Work to complete — Copy all of the records below verbatim.

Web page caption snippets
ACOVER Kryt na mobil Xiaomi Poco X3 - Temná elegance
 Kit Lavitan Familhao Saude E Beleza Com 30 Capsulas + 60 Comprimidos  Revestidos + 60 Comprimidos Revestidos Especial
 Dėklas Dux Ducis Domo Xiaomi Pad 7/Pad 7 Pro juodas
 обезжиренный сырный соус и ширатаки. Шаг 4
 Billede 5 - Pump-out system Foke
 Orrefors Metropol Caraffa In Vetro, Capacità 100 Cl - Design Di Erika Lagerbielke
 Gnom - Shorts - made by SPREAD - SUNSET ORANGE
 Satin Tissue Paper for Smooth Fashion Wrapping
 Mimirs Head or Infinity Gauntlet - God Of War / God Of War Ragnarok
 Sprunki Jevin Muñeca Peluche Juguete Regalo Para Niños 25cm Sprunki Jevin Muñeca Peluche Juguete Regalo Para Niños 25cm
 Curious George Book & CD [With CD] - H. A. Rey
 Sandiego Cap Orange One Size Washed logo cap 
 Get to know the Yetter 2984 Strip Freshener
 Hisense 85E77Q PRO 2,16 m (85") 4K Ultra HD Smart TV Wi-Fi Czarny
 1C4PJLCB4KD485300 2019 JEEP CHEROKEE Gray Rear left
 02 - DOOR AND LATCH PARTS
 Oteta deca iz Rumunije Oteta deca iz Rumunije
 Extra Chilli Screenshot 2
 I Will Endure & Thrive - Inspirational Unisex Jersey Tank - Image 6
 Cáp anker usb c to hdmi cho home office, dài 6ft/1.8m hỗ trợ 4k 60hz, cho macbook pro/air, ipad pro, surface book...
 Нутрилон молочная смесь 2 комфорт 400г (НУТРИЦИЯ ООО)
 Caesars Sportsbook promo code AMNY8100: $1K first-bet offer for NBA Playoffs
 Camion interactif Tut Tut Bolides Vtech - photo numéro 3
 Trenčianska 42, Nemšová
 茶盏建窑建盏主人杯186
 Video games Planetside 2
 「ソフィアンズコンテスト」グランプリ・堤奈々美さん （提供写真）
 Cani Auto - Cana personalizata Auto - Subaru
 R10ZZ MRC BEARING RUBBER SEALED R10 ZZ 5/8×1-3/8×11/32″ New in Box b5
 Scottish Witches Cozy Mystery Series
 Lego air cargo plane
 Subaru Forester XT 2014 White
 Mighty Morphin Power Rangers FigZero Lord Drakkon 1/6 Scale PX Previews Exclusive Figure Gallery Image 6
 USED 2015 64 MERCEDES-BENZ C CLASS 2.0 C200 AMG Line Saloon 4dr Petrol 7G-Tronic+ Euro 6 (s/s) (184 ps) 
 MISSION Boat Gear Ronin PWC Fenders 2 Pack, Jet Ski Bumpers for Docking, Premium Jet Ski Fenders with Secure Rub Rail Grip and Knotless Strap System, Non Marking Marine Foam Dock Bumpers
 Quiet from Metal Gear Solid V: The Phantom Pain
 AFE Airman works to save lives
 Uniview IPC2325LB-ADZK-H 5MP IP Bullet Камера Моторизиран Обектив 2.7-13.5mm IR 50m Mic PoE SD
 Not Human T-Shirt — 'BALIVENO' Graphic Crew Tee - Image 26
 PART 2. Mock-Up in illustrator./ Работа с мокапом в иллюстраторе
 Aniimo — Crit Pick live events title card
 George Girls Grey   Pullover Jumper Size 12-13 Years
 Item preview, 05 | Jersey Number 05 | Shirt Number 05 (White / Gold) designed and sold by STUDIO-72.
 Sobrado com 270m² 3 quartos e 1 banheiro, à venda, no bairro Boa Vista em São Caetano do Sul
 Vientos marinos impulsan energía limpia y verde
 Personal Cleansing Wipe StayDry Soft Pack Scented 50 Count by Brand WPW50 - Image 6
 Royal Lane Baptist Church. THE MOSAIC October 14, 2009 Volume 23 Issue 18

Answer for this exercise —
ACOVER Kryt na mobil Xiaomi Poco X3 - Temná elegance
 Kit Lavitan Familhao Saude E Beleza Com 30 Capsulas + 60 Comprimidos  Revestidos + 60 Comprimidos Revestidos Especial
 Dėklas Dux Ducis Domo Xiaomi Pad 7/Pad 7 Pro juodas
 обезжиренный сырный соус и ширатаки. Шаг 4
 Billede 5 - Pump-out system Foke
 Orrefors Metropol Caraffa In Vetro, Capacità 100 Cl - Design Di Erika Lagerbielke
 Gnom - Shorts - made by SPREAD - SUNSET ORANGE
 Satin Tissue Paper for Smooth Fashion Wrapping
 Mimirs Head or Infinity Gauntlet - God Of War / God Of War Ragnarok
 Sprunki Jevin Muñeca Peluche Juguete Regalo Para Niños 25cm Sprunki Jevin Muñeca Peluche Juguete Regalo Para Niños 25cm
 Curious George Book & CD [With CD] - H. A. Rey
 Sandiego Cap Orange One Size Washed logo cap 
 Get to know the Yetter 2984 Strip Freshener
 Hisense 85E77Q PRO 2,16 m (85") 4K Ultra HD Smart TV Wi-Fi Czarny
 1C4PJLCB4KD485300 2019 JEEP CHEROKEE Gray Rear left
 02 - DOOR AND LATCH PARTS
 Oteta deca iz Rumunije Oteta deca iz Rumunije
 Extra Chilli Screenshot 2
 I Will Endure & Thrive - Inspirational Unisex Jersey Tank - Image 6
 Cáp anker usb c to hdmi cho home office, dài 6ft/1.8m hỗ trợ 4k 60hz, cho macbook pro/air, ipad pro, surface book...
 Нутрилон молочная смесь 2 комфорт 400г (НУТРИЦИЯ ООО)
 Caesars Sportsbook promo code AMNY8100: $1K first-bet offer for NBA Playoffs
 Camion interactif Tut Tut Bolides Vtech - photo numéro 3
 Trenčianska 42, Nemšová
 茶盏建窑建盏主人杯186
 Video games Planetside 2
 「ソフィアンズコンテスト」グランプリ・堤奈々美さん （提供写真）
 Cani Auto - Cana personalizata Auto - Subaru
 R10ZZ MRC BEARING RUBBER SEALED R10 ZZ 5/8×1-3/8×11/32″ New in Box b5
 Scottish Witches Cozy Mystery Series
 Lego air cargo plane
 Subaru Forester XT 2014 White
 Mighty Morphin Power Rangers FigZero Lord Drakkon 1/6 Scale PX Previews Exclusive Figure Gallery Image 6
 USED 2015 64 MERCEDES-BENZ C CLASS 2.0 C200 AMG Line Saloon 4dr Petrol 7G-Tronic+ Euro 6 (s/s) (184 ps) 
 MISSION Boat Gear Ronin PWC Fenders 2 Pack, Jet Ski Bumpers for Docking, Premium Jet Ski Fenders with Secure Rub Rail Grip and Knotless Strap System, Non Marking Marine Foam Dock Bumpers
 Quiet from Metal Gear Solid V: The Phantom Pain
 AFE Airman works to save lives
 Uniview IPC2325LB-ADZK-H 5MP IP Bullet Камера Моторизиран Обектив 2.7-13.5mm IR 50m Mic PoE SD
 Not Human T-Shirt — 'BALIVENO' Graphic Crew Tee - Image 26
 PART 2. Mock-Up in illustrator./ Работа с мокапом в иллюстраторе
 Aniimo — Crit Pick live events title card
 George Girls Grey   Pullover Jumper Size 12-13 Years
 Item preview, 05 | Jersey Number 05 | Shirt Number 05 (White / Gold) designed and sold by STUDIO-72.
 Sobrado com 270m² 3 quartos e 1 banheiro, à venda, no bairro Boa Vista em São Caetano do Sul
 Vientos marinos impulsan energía limpia y verde
 Personal Cleansing Wipe StayDry Soft Pack Scented 50 Count by Brand WPW50 - Image 6
 Royal Lane Baptist Church. THE MOSAIC October 14, 2009 Volume 23 Issue 18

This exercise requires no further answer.